Ao escrever sobre jovens em missão hoje, a blogueira Sarita Hartz conta como “a cada dia vejo belos, apaixonados e transformadores de mundo, despedaçados pela máquina que são as organizações missionárias. Vão mancando para suas casas, desiludidos, cínicos e naufragando em sua fé. Pergunto a mim mesma se se esse monstro que criamos deu errado e se nossa juventude é apenas um dano colateral, dispensável porque sempre há outro para substituí-los”.

No início de agosto, 14 líderes jovens, representando 13 países da África, América, Ásia-Pacífico e Europa, reuniram-se para uma consulta em Cingapura, para expressar suas opiniões sobre a Aliança Global Wycliffe. Entre muitas outras discussões, pedimos a eles que nos ajudassem a entender o líder mais jovem e porque sua contribuição para o movimento de tradução da Bíblia é importante. Quero compartilhar brevemente com você o que aprendemos.

Conheça os líderes mais jovens no movimento de tradução da Bíblia

Ao reconhecer que cada pessoa é formada por seu ambiente próprio e complexo, os líderes mais jovens da consulta deixaram claro que não queriam ser categorizados como se todos pensassem e agissem da mesma maneira. A melhor maneira de conhecer líderes mais jovens individualmente é interagir com eles pessoalmente. Será útil tomar nota de algumas características desses líderes mais jovens.

Amor por Deus

Os líderes mais jovens têm energia e entusiasmo para ver a missão de Deus cumprida. São movidos por um profundo desejo de honrar a Deus. Desejam servir em sua igreja e participar da missão, desde que as atividades da igreja e da missão afetem intencionalmente a vida das comunidades.
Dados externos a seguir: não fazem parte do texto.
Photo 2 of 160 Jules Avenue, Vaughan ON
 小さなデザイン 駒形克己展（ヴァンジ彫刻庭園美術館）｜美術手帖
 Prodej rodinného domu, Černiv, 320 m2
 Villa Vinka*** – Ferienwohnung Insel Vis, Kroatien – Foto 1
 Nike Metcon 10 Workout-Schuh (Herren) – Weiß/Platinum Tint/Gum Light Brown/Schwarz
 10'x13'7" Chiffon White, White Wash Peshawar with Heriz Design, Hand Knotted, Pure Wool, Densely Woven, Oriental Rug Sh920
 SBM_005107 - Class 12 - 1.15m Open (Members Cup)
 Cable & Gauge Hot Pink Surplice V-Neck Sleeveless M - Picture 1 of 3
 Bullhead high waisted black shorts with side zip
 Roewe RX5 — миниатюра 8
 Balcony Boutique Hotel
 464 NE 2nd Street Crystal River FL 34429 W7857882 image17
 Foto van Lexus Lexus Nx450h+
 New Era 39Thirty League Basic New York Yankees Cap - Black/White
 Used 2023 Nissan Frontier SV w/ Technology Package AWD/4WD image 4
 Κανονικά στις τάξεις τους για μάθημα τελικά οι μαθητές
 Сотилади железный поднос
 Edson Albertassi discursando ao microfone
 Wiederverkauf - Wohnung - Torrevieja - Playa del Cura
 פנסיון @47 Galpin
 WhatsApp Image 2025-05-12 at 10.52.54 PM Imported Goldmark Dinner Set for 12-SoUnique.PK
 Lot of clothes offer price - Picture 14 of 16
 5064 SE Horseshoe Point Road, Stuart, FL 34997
Trabalham em equipes relacionais

Vivem para os demais e querem que ver outros triunfarem. Por serem relacionais, com necessidade de contato pessoal, funcionam de uma maneira ótima em equipes. Os colegas são amigos e não apenas trabalhadores da mesma organização. A colaboração é algo natural para nossos líderes mais jovens

Familiarizados com a flexibilidade

O que geralmente se considera como falta de compromisso com o local de trabalho deve ser entendido como um alto nível de flexibilidade. Líderes mais jovens são orientados para mudanças, novos desafios, crescimento e ambientes de trabalho adaptáveis. Buscam oportunidades para o desenvolvimento de habilidades e capacitação no trabalho. Se for possível fornecer isso a eles, e se for dada a eles uma visão clara e compreensível, perseverarão no local de trabalho.

Dispostos a aprender

Valorizam a oportunidade de questionar o status quo. Ansiosos por aprender, não têm medo de fazer muitas perguntas. Pedirão ajuda e apreciarão qualquer ideia nova. Proporcionar retroalimentação aos líderes mais jovens por meio de conversas os ajuda a integrar o que aprendem e dá a eles confiança para explorar mais a fundo.

Nativos tecnológicos

Descrevem a si mesmos como nativos tecnológicos, tanto na mentalidade como na capacidade de se adaptar às mudanças nessa área. Cresceram durante o desenvolvimento mais rápido dos avanços tecnológicos da história. Embora adaptáveis a esses avanços, também são vulneráveis à invasão da tecnologia em suas vidas.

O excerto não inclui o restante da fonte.